Revealing the Power of Masked Autoencoders in Traffic Forecasting

Jiarui Sun, Yujie Fan, Chin-Chia Michael Yeh, Wei Zhang, Girish Chowdhary

Published: 2024, Last Modified: 15 May 2025CIKM 2024EveryoneRevisionsBibTeXCC BY-SA 4.0

Abstract: Traffic forecasting, crucial for urban planning, requires accurate predictions of spatial-temporal traffic patterns across urban areas. Existing research mainly focuses on designing complex spatial-temporal models to capture these dependencies. However, this field faces challenges related to data scarcity and model stability, which results in limited performance improvement. To address these issues, we propose Spatial-Temporal Masked AutoEncoders (STMAE), a plug-and-play framework designed to enhance existing spatial-temporal models on traffic prediction.
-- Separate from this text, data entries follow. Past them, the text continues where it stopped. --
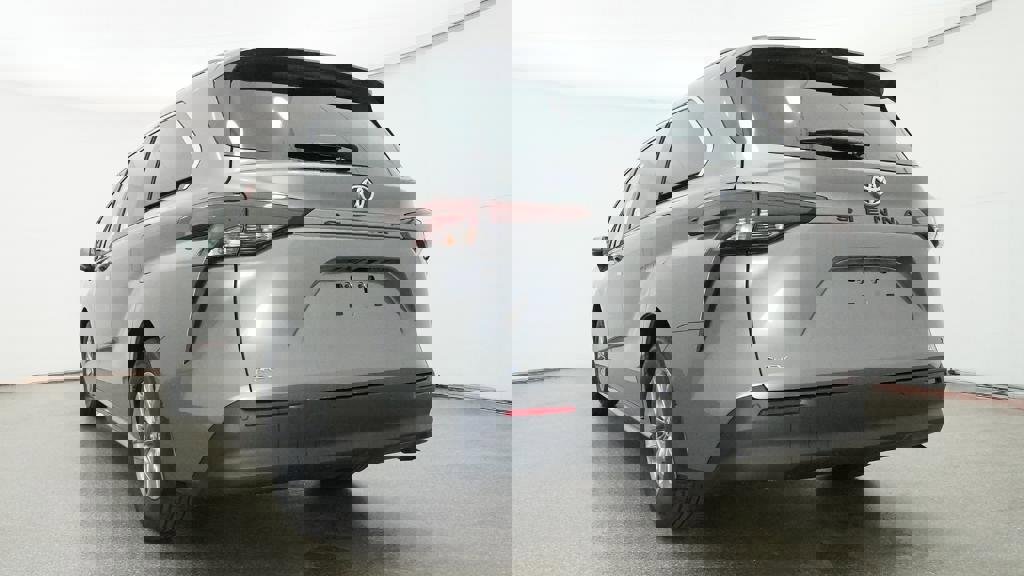 New 2026 Toyota Sienna XLE image 15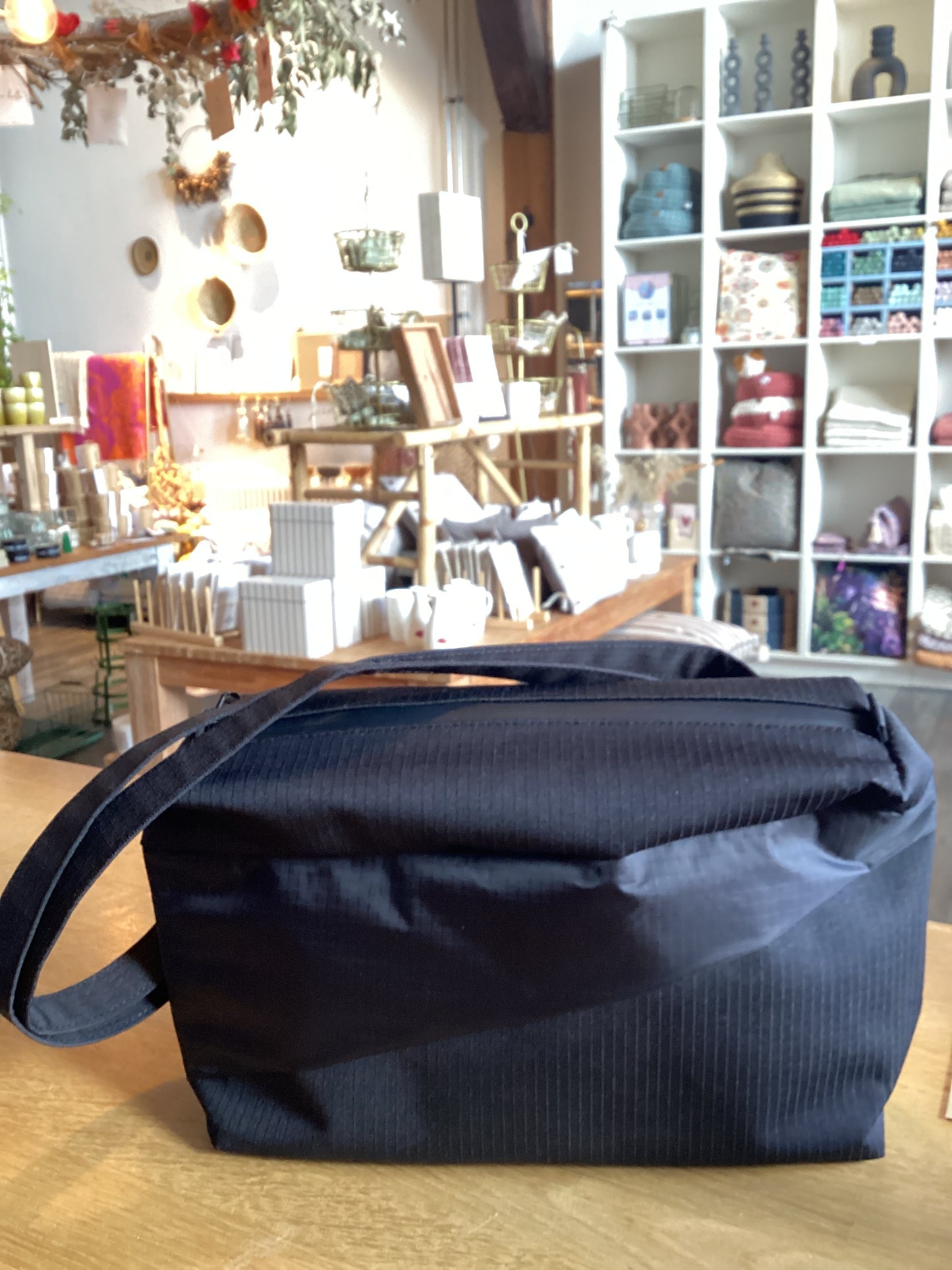 Susan Bijl the new bum bag black & black M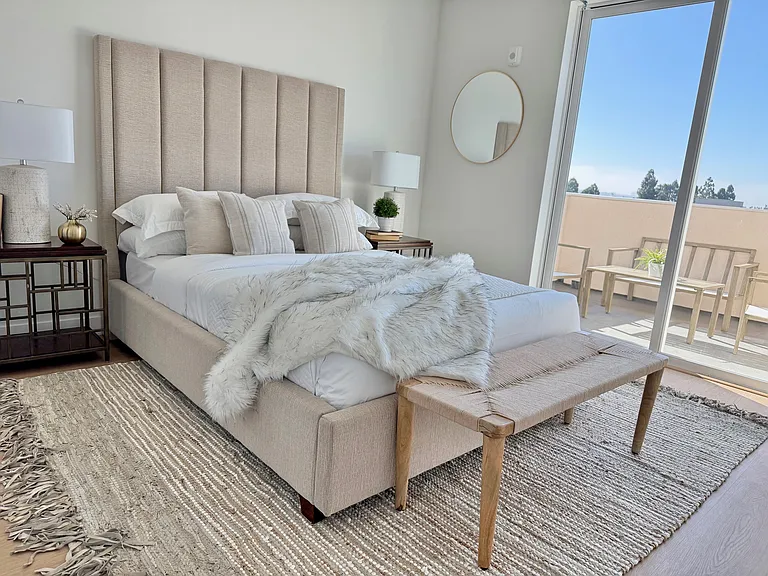 Penthouse 2 Bed 2.5 Bath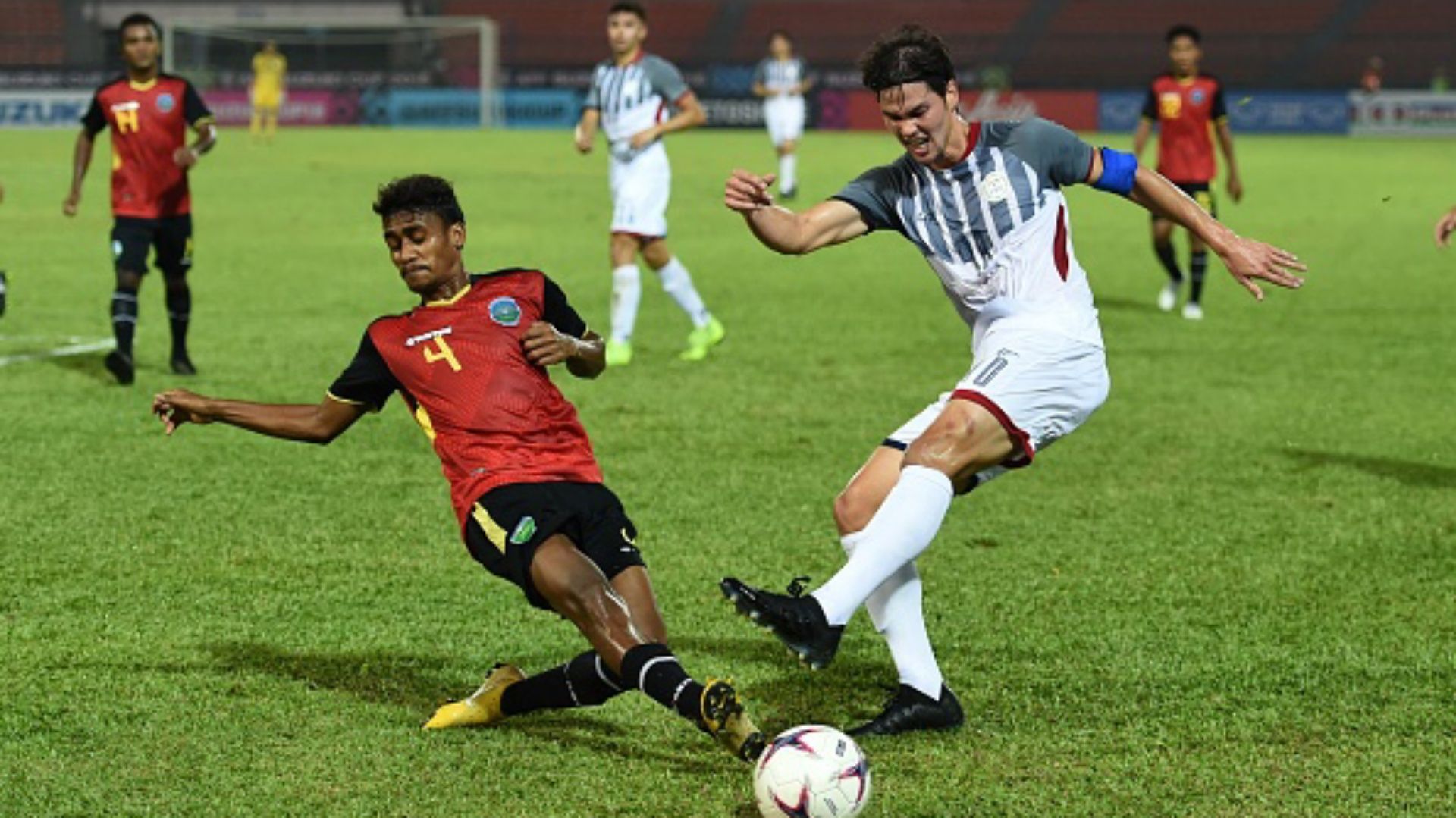 Phil Younghusband - Filipina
STMAE operates in two stages. In the pretraining stage, an encoder processes partially visible traffic data produced by a dual-masking strategy, including biased random walk-based spatial masking and patch-based temporal masking. Subsequently, two decoders aim to reconstruct the masked counterparts from both spatial and temporal perspectives. The fine-tuning stage retains the pretrained encoder and integrates it with decoders from existing backbones to improve traffic forecasting accuracy. Our results on traffic benchmarks show that STMAE can largely enhance the forecasting capabilities of various spatial-temporal models.